Hi Jim,

I also think that your argument: 'one person can not block'

is valid.

However, I am not alone. I remember people from Norvege, Germany, Ukraine, etc, sharing the concerns or even expressing better than I did.

Perhaps also you!

Fredy Kuenzler - How More Specifics increase your transit bill (and ways to avoid it)

this was a nice talk on Tuesday's plenary, explaining how and why to keep the routing table simpler and smaller - in a little bit different context.

Unfortunately very few "PI+1 activists" attended....

Is the old concensus that we should listen to the others still valid?

You do, I know, but what about these "PI+1 activists"?

Best,

Géza




On Fri, Dec 9, 2011 at 4:08 PM, Jim Reid <jim@rfc1035.com> wrote:
On 9 Dec 2011, at 14:42, Peter Koch wrote:

If it's all about 'one person cannot block' then tell me, how many
would it need?

The same number as it needs in the dnsop WG you chair at IETF Peter. :-)

We both know this is not decided by absolute numbers Peter. The Chair(s) of the relevant WG exercise their best judgement on the position of the WG as a whole. [That's why they get the big bucks. :-)] If they believe there's consensus in the WG, that's the decision. They could decide that one lone voice knows better than the rest of the WG => further discussion or refinement of the proposal is needed. That will depend on the specific circumstances and the nature of that (isolated?) objection.

Note too that the earlier discussion was sparked by the suggestion that there could be no consensus on 2011-02 unless Geza said this was OK. We both know that this is not how RIPE's consensus decision-making process works.
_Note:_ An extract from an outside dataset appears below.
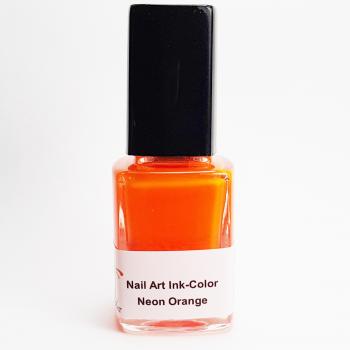 Nail Art Ink-Color Neon Orange, 12 ml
You might recall how the DNS WG arrived at a consensus response to the DoC proposal for getting the DNS root signed a few years ago and who made the judgement on whether a consensus had been reached. Some people were unhappy or uncomfortable with aspects of that response yet it still managed to emerge as a consensus view of the WG. And ultimately of the RIPE community.